* **Exercise requirements**
Every entry below should be transcribed exactly; pictures stay out of the copy.

* **Data for this task**
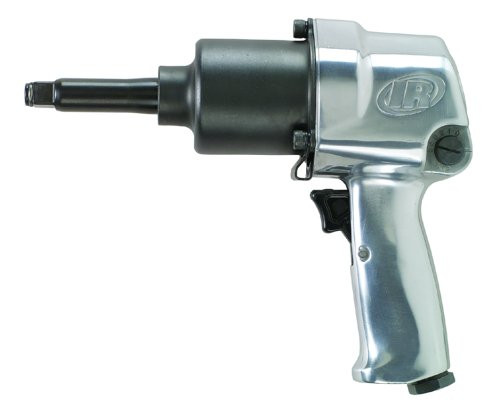 Ingersoll Rand 244A-2 Super Duty Impact Wrench | 1/2" Drive | 7000 RPM | 500 (ft-lbs) Max Torque | Trigger Start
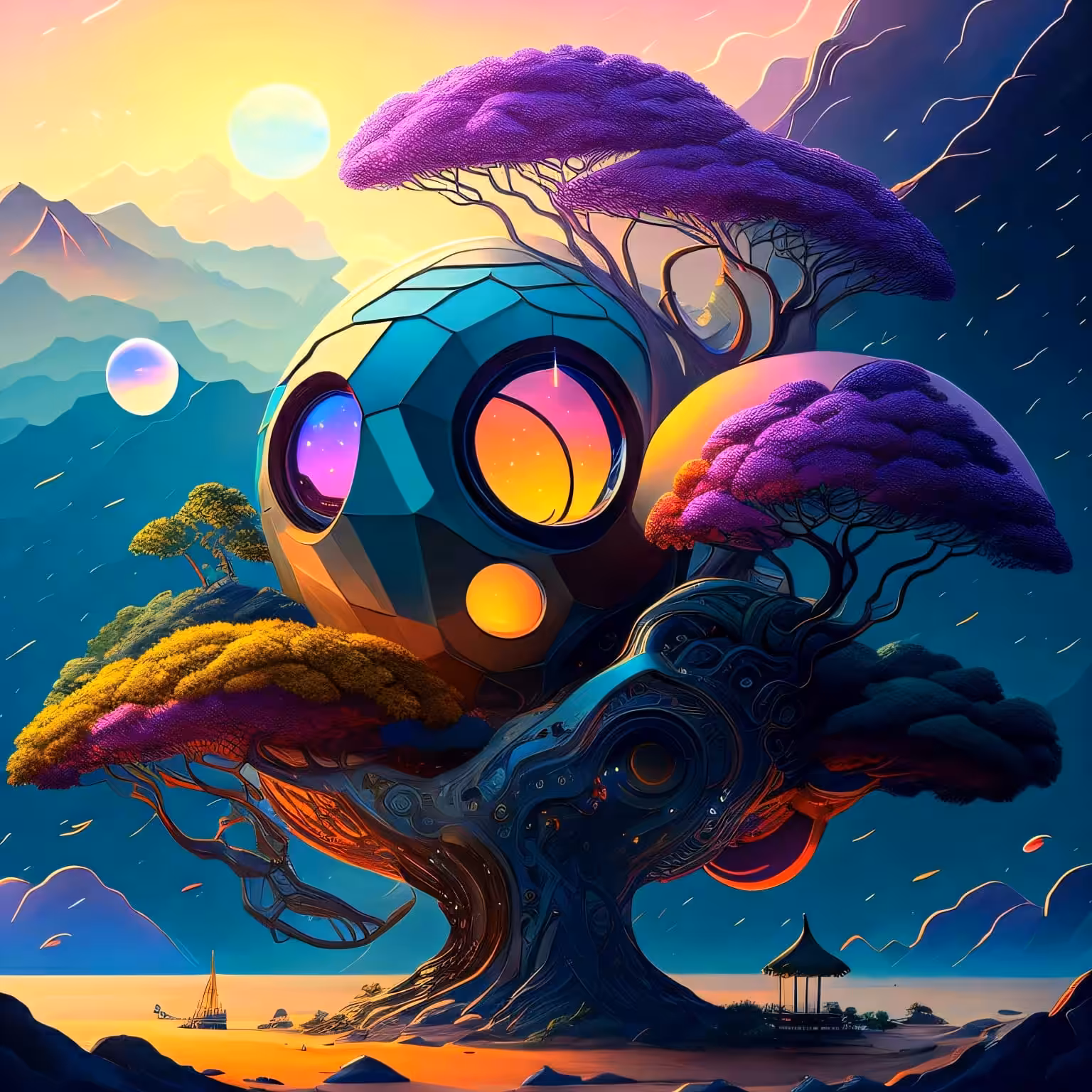 Strange World 30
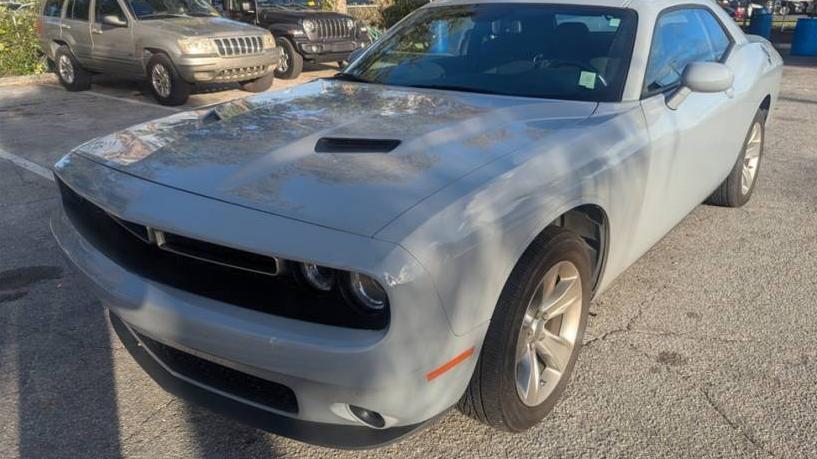 DODGE CHALLENGER 2022 2C3CDZAG6NH211678 image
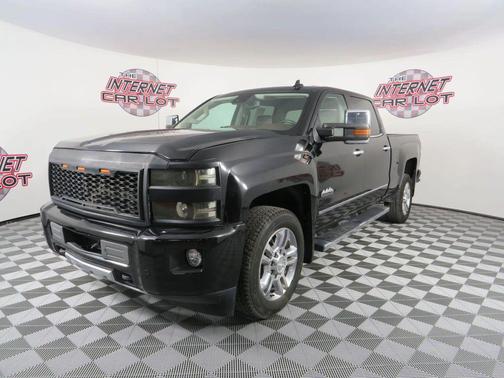 2018 Chevrolet Silverado 2500 High Country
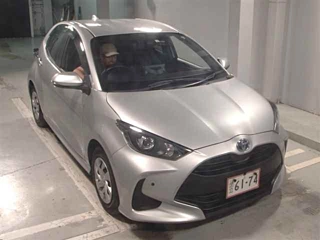 TOYOTA YARIS 2022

* **Written solution**
 Ingersoll Rand 244A-2 Super Duty Impact Wrench | 1/2" Drive | 7000 RPM | 500 (ft-lbs) Max Torque | Trigger Start
 Strange World 30
 DODGE CHALLENGER 2022 2C3CDZAG6NH211678 image
 2018 Chevrolet Silverado 2500 High Country
 TOYOTA YARIS 2022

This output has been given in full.